Maryanto

  • Biografi Seniman

    Maryanto (lahir di Jakarta, 1977) menyelesaikan studinya di Fakultas Seni Rupa Institut Seni Indonesia, Yogyakarta pada tahun 2005, dan menyelesaikan program residensi di Rijksakademie di Amsterdam pada tahun 2013. Ia menciptakan lukisan, gambar, dan instalasi hitam putih yang menggugah, yang membongkar bahasa romantis lukisan pemandangan tradisional sebagai upaya untuk mengeksplorasi relasi sosial-politik di beberapa situs lewat karya-karyanya. Melalui dongeng dan latar teatrikal, Maryanto tertarik untuk menelusuri kembali wilayah-wilayah yang menurutnya telah tunduk oleh keinginan para kolonial dan kapitalis melalui perkembangan teknologi, industrialisasi, polusi tanah, dan eksploitasi sumber daya alam.

    Beberapa pameran tunggalnya, meliputi Breathing Home, Galeri Ruang Dini, Bandung (2024), Meru/Fractured Paradise, TabulaRasa Gallery, London, (2023), A Journey of Forking Paths, Yeo Workshop, Singapore (2019), dan permanent osmosis, LIR Space, Yogyakarta (2019).

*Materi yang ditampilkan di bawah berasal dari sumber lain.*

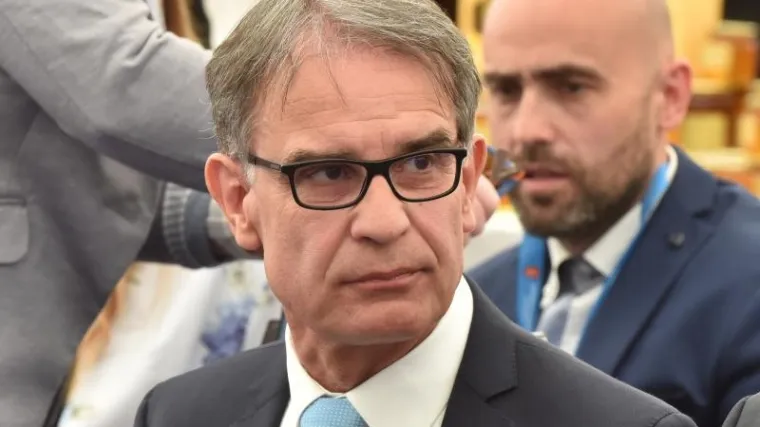 Cappelli: 'Nema seljenja iako prostori nisu dobri jer smo razbacani na tri lokacije'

Ia juga banyak terlibat dalam beberapa pameran lain, termasuk Archiving landscapes, Yeo Workshop Gallery, Singapore (2024), Art Dubai 16th edition 2023, Madinat Jumeirah (2023), Wealth from Overseas, Tropenmuseum, Amsterdam (2023), Chance Constellations, S.E.A. Focus, Singapore (2022), dan Pollination: Of Hunters & Gatherers, MAIIAM Contemporary Art Museum, Thailand (2021)

  • Konsep Karya

    Alam, dengan keindahannya yang tak terbatas dan bentang alam yang selalu berubah, telah lama memikat imajinasi manusia. Seniman berupaya menangkap esensi alam dan merefleksikan hubungan manusia dengan alam. Alegori adalah alat untuk menyampaikan gagasan kompleks melalui perumpamaan sederhana. Dalam konteks alam, alegori sering kali menggunakan simbol-simbol alam, tumbuhan, dan fenomena alam untuk menyampaikan kebenaran yang lebih dalam tentang pengalaman manusia. Pohon beringin yang menjulang tinggi melambangkan kekuatan dan ketangguhan, sungai yang berkelok-kelok melambangkan perjalanan hidup.

    Alegoris alam adalah ritme siklus kehidupan. Simbol pembaruan dan transformasi, seperti pergantian musim atau siklus hidup kupu-kupu, berfungsi sebagai pengingat akan siklus abadi kelahiran, pertumbuhan, kematian, dan kelahiran kembali. Tema siklus ini mengajak kita untuk menerima perubahan dan ketidakkekalan, serta menemukan hiburan dalam ritme alami bumi.

    Dalam karya ini, eksplorasi interaksi manusia dengan lingkungan digambarkan melalui harmoni, keseimbangan serta ketidakseimbangan, di mana tindakan manusia telah menyebabkan degradasi dan kehancuran lingkungan. Melalui penggambaran yang kontras, kita didorong untuk merenungkan konsekuensi dari tindakan kita dan pentingnya pengelolaan bumi secara bertanggung jawab.

    Selain representasinya yang nyata, alegoris alam seringkali mengacu pada tradisi spiritual dan mitologis untuk membangkitkan rasa takjub dan hormat. Kepercayaan, spiritual, ritual suci dengan rasa misteri dan transendensi mengundang kita untuk mengeksplorasi dimensi keberadaan yang lebih dalam serta hubungan kita dengan yang Ilahi. 'Allegory of Nature' menumbuhkan rasa penghargaan, empati, dan kepedulian yang lebih dalam terhadap alam.